Carley’s parents were mortified when they learned that NC State sustainability professor Tom Rufty had asked her to work at Pinehurst, which at the time had more lush bermudagrass fairways and rough than waste areas filled with native plants and wiregrass.
“My parents thought I was turning my back on the environmental movement they were part of when I was growing up,” she says. “But they’d always taught me that you can effect greater change from within a system than from without.
“So I told them, ‘I’m in the system now, and I’m working for the greater good. They are going to be here and do things anyway, so I’m going to help them do it better.’”
Since it was built at the turn of the 20th century, the Pinehurst Resort has had a varied history of development, from the sand fairways and greens Ross originally designed and worked on throughout his life to the corporate ownership of the 1970s to the redevelopment for championship venues since the 1990s.
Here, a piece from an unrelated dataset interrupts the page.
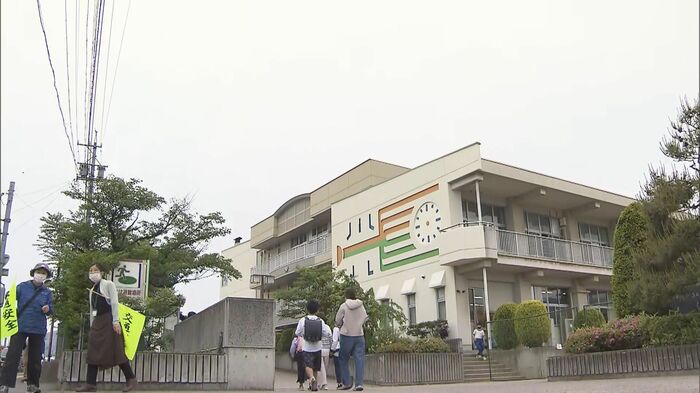 小学校では保護者が付き添って登校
“This is a huge public resource for the state of North Carolina,” Carley says. “It was originally founded as a health resort, meant to help get people out, to help with their mental and physical health. We can give the community what it wants but also make sure it is environmentally thoughtful and fostering of biodiversity.
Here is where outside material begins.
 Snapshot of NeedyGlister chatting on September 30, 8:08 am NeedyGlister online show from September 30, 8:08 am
“We’ve reduced the amount of water, pesticides and labor used here and made it a more environmentally sustainable place.”
Pinehurst No. 2 course superintendent John Jeffrey ‘00 (B.S. agronomy, with a turfgrass concentration) says those were not the reasons for bringing native plants and pollinators back to the golf course, which originally was built under Ross’s watchful eye in 1907. They were, however, happy benefits of returning the course to Ross’s original design, as seen in a high-definition photo taken by a Fort Bragg aviator on Christmas Day in 1943.
We can give the community what it wants but also make sure it is environmentally thoughtful and fostering of biodiversity.
“It showed the course the way it was before it had irrigation lines planted underground and before there was bermudagrass planted off the fairways,” he says. “It’s the way Ross intended for it to look.”
Carley is proud of her role in that outcome. She maintains a regular relationship with the superintendents and maintenance staff at the course, where she’s welcome to arrive in her car with the “Bee Hugger” bumper sticker, grab a golf cart and show off the native plants and pollinators she and her graduate students have catalogued during their 15 years of research at the course.
In the end, this year’s Open will be one of the most sustainable ever conducted by the USGA, which says this championship will be the 1,000th ever conducted by American golf’s governing body. It’s a benefit of the USGA’s designation of Pinehurst No. 2 in 2020 as its first anchor site, with the Open returning this year and in 2029, ’35 and ’47.
In the aftermath of replacing the course’s bentgrass greens with ultradwarf bermudagrass following the 2014 Opens, the resort also buried utility lines that replaced the need for portable generators during the competition, saving some 50,000 gallons of diesel fuel, and added permanent water lines to aid concession and corporate hospitality suites.
So the 40,000 spectators per day who will be on the grounds for practice and competition rounds will leave a smaller footprint on the environment. That, coupled with Carley’s research, is a huge benefit to North Carolina’s golf industry, just as NC State’s Lonnie Poole Golf Course has been since it opened on Centennial Campus in 2009.
And that’s something both Carley and her parents can appreciate.